▶ Input data:
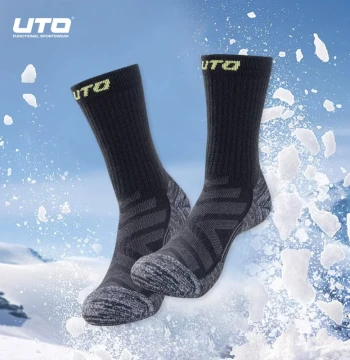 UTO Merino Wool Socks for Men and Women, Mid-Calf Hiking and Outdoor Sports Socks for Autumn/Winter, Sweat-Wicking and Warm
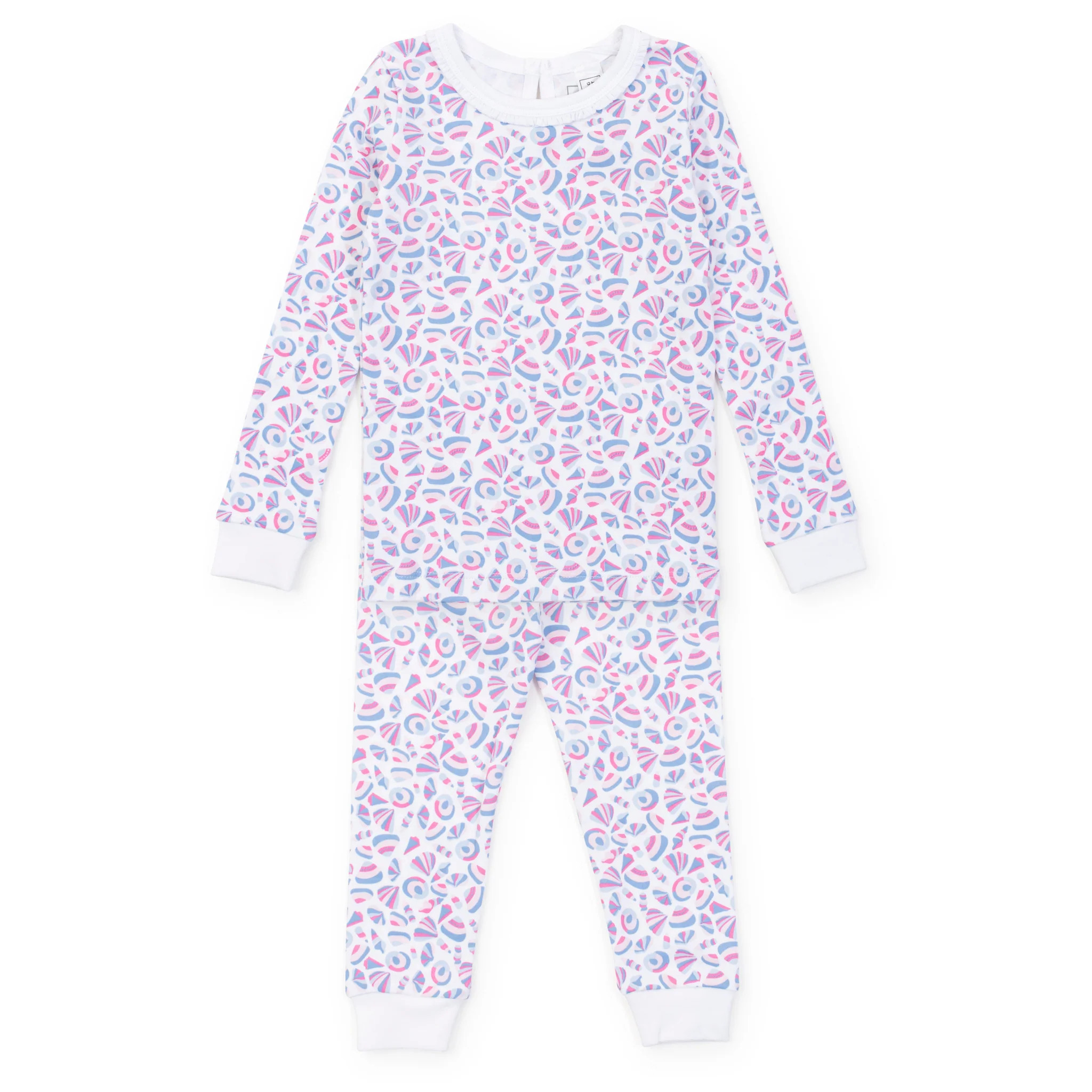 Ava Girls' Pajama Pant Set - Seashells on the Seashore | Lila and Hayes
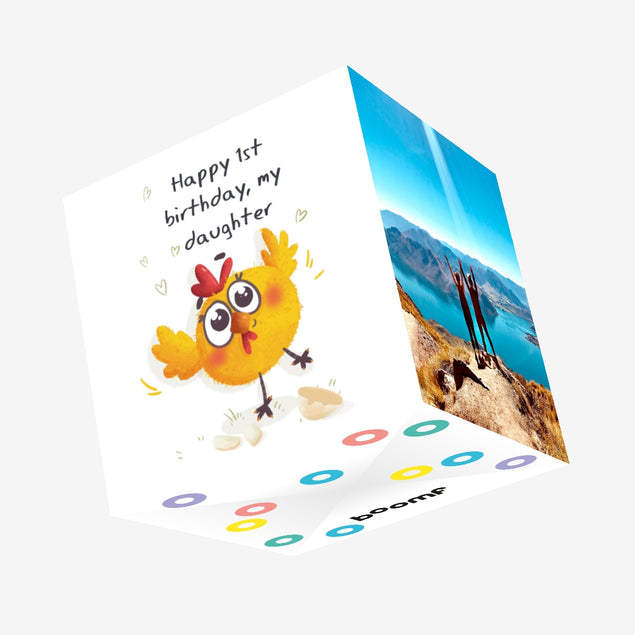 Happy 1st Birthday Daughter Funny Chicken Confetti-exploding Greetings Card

▶ Work item: Your answer should copy the listing word for word, with no pictures in it.

▶ Answer to this problem:
 UTO Merino Wool Socks for Men and Women, Mid-Calf Hiking and Outdoor Sports Socks for Autumn/Winter, Sweat-Wicking and Warm
 Ava Girls' Pajama Pant Set - Seashells on the Seashore | Lila and Hayes
 Happy 1st Birthday Daughter Funny Chicken Confetti-exploding Greetings Card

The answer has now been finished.